Verbatim copy, pictures excluded: every line from the one with "640x1136 City View" through the final line of the data below, and no other line.
[[ Stored data open ]]
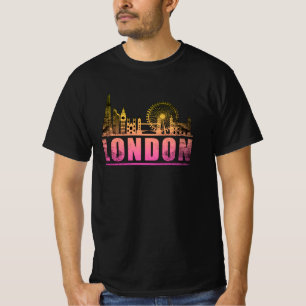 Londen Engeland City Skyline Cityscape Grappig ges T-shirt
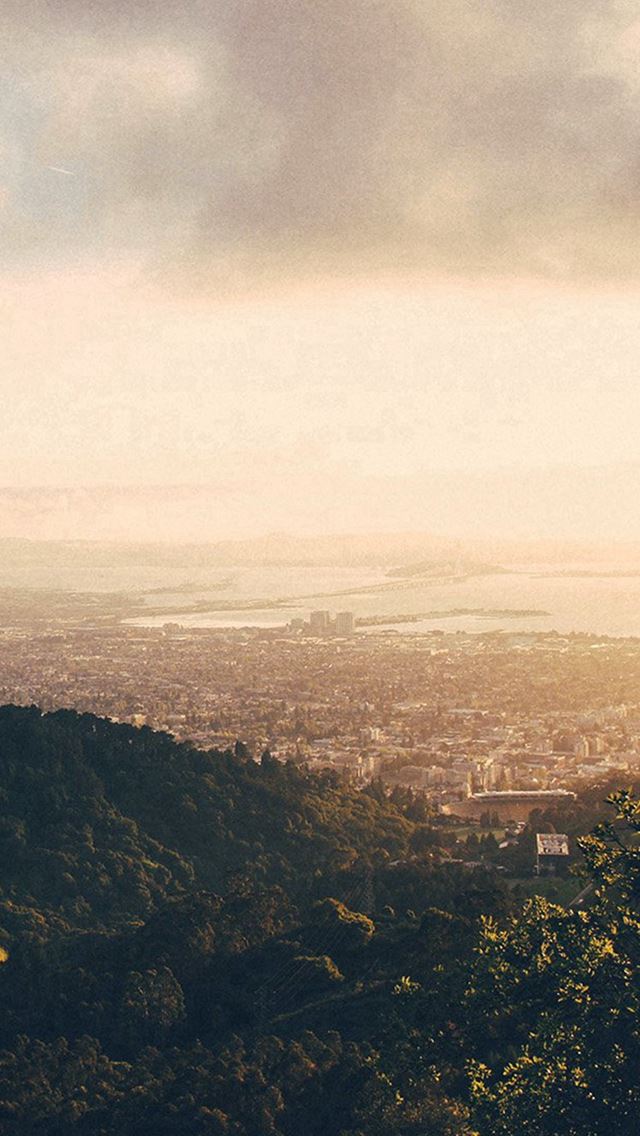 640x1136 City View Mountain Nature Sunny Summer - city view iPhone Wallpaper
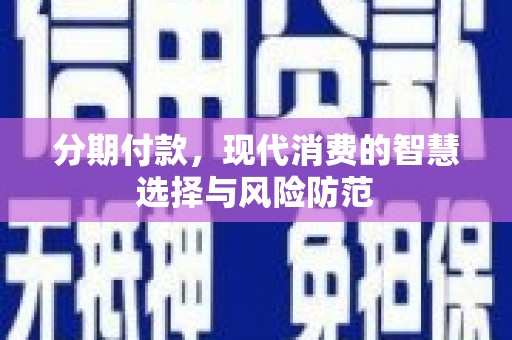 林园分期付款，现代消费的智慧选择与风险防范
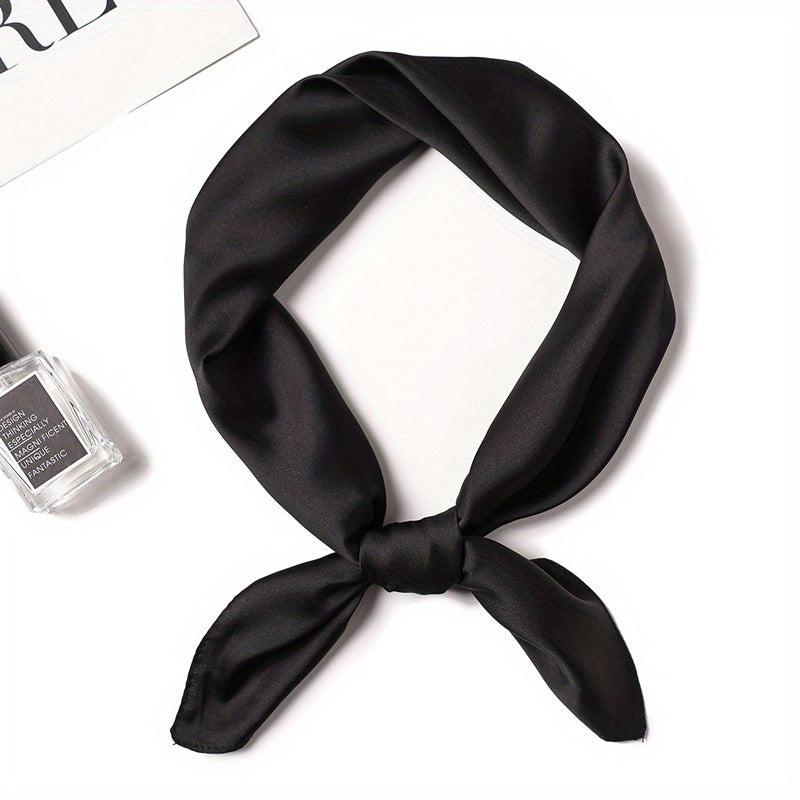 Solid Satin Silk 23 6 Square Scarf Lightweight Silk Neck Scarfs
[[ Stored data closed ]]
## Exercise solution
 640x1136 City View Mountain Nature Sunny Summer - city view iPhone Wallpaper
 林园分期付款，现代消费的智慧选择与风险防范
 Solid Satin Silk 23 6 Square Scarf Lightweight Silk Neck Scarfs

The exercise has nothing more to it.